Exercise goal:
Word for word, restate the data that follows, omitting the images.

Information shown:
┄┄┄┄┄┄┄┄┄┄┄┄┄┄┄┄┄┄┄┄

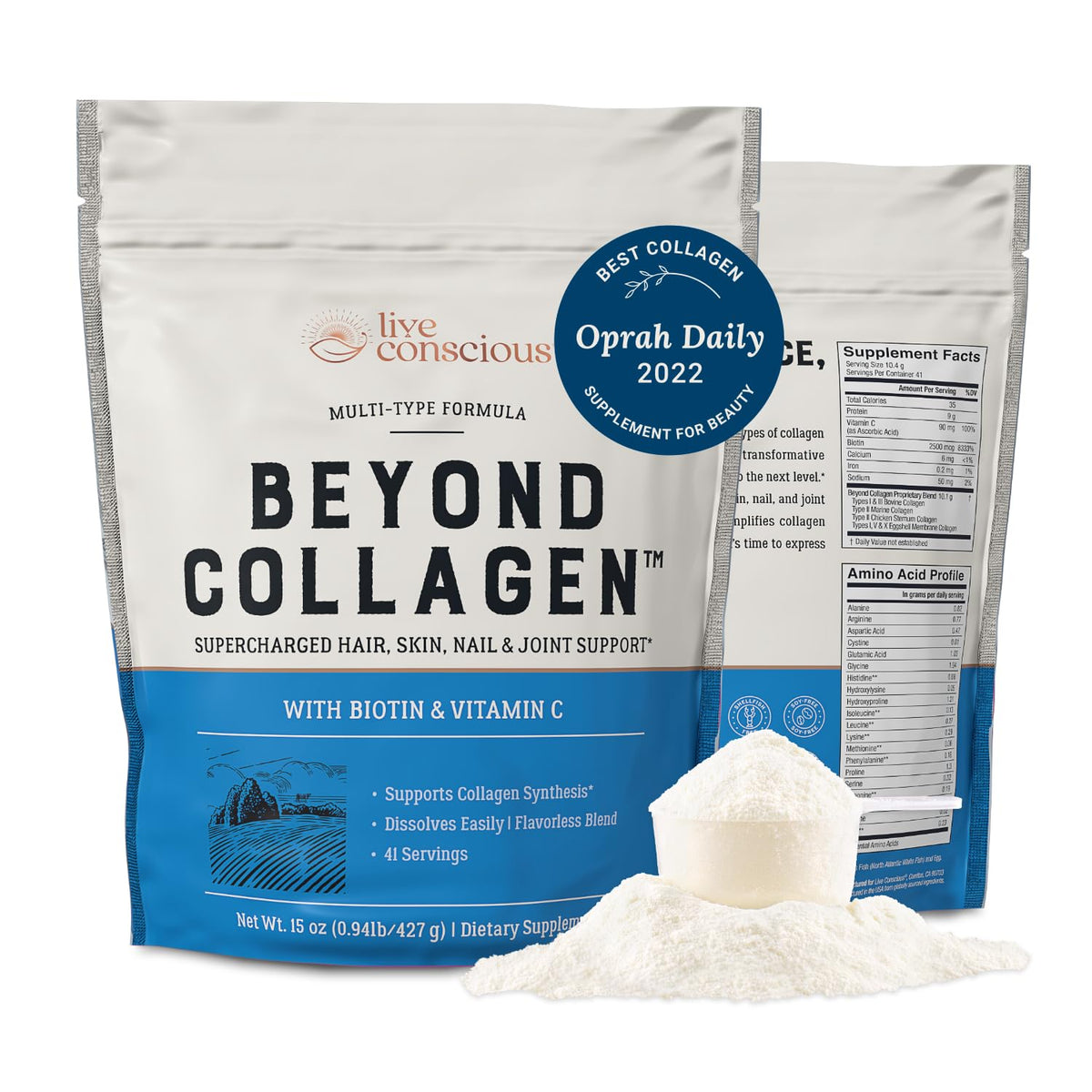 Live Conscious Collagen Peptides Powder – Hydrolyzed Type I & III, Grass-Fed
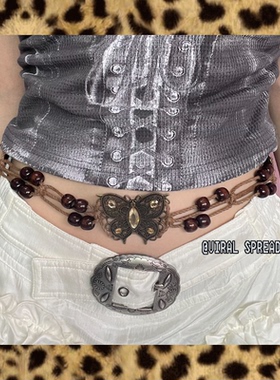 VIRAL SPREAD vintage感复古y2k编织闪蝴蝶腰带造型流苏绑带腰链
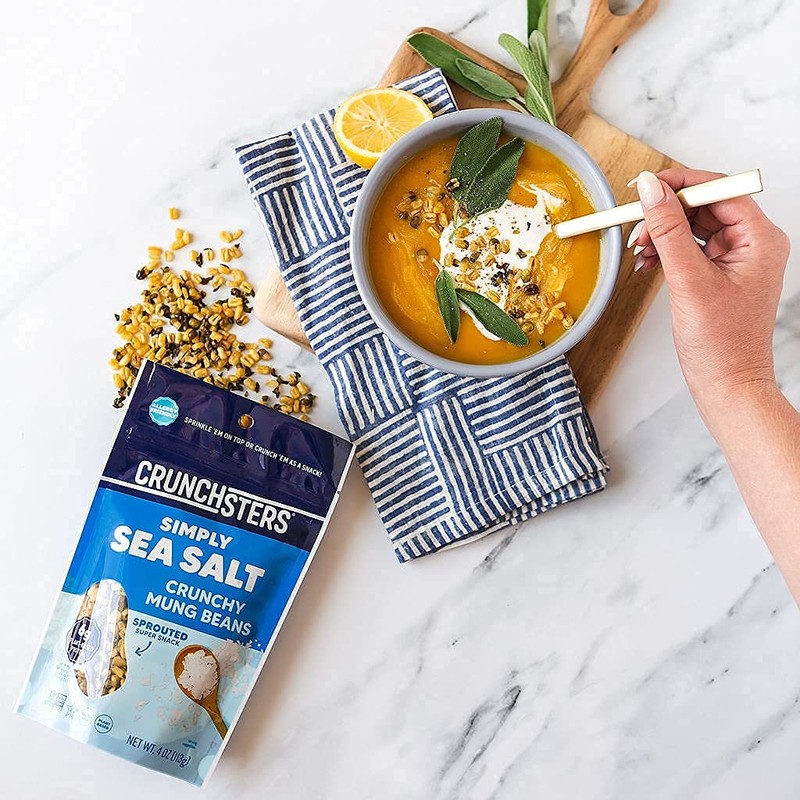 Crunchsters Crunchy Sprouted Mung Beans, Plant-Based Protein Super-Snack and Salad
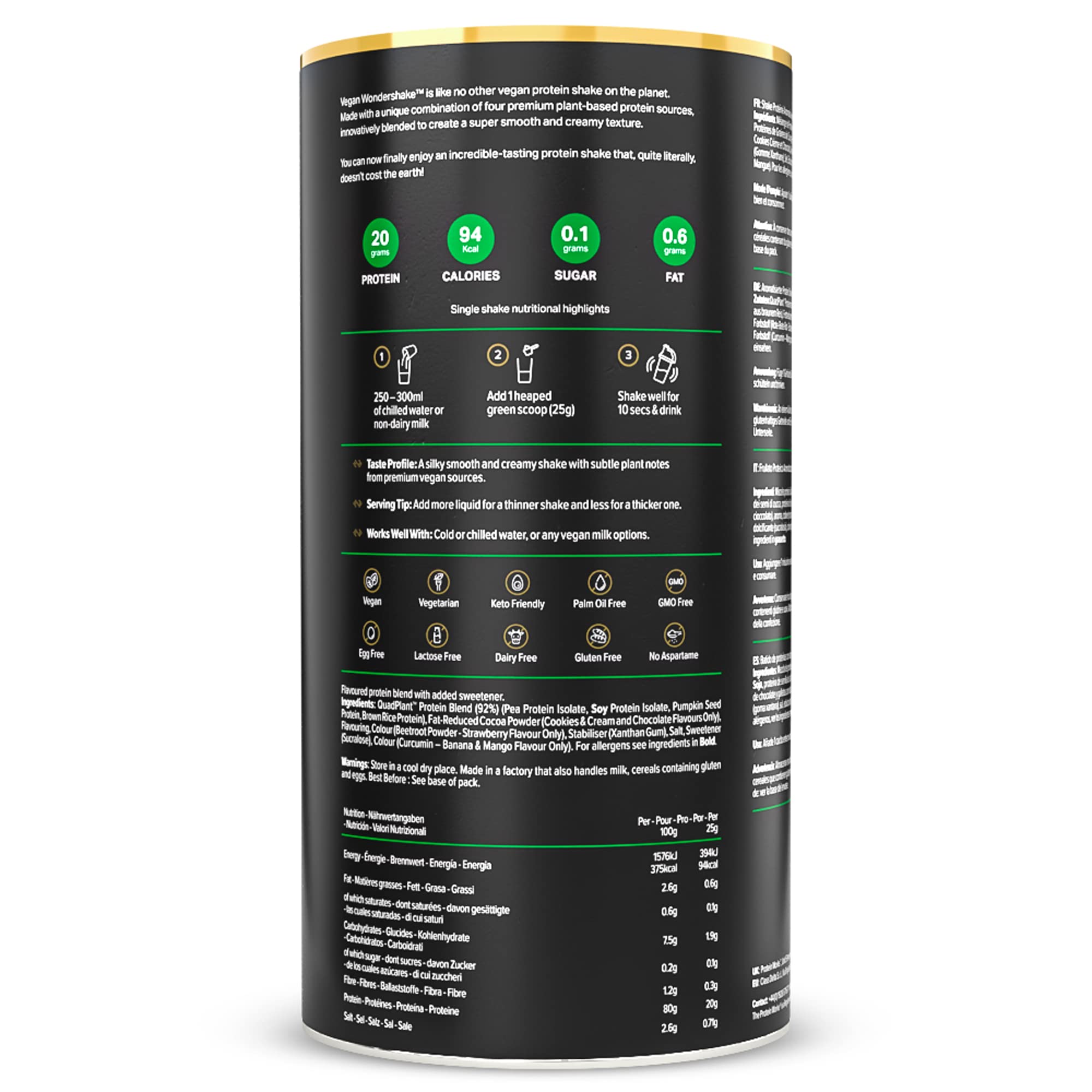 Protein Works Vegan Wondershake - Premium Vegan Protein Powder Mix, Salted Caramel Flavor, 30 Servings | Plant-Based Protein Supplement for Post-Workout Recovery & Healthy Lifestyle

┄┄┄┄┄┄┄┄┄┄┄┄┄┄┄┄┄┄┄┄

Reply:
 Live Conscious Collagen Peptides Powder – Hydrolyzed Type I & III, Grass-Fed
 VIRAL SPREAD vintage感复古y2k编织闪蝴蝶腰带造型流苏绑带腰链
 Crunchsters Crunchy Sprouted Mung Beans, Plant-Based Protein Super-Snack and Salad
 Protein Works Vegan Wondershake - Premium Vegan Protein Powder Mix, Salted Caramel Flavor, 30 Servings | Plant-Based Protein Supplement for Post-Workout Recovery & Healthy Lifestyle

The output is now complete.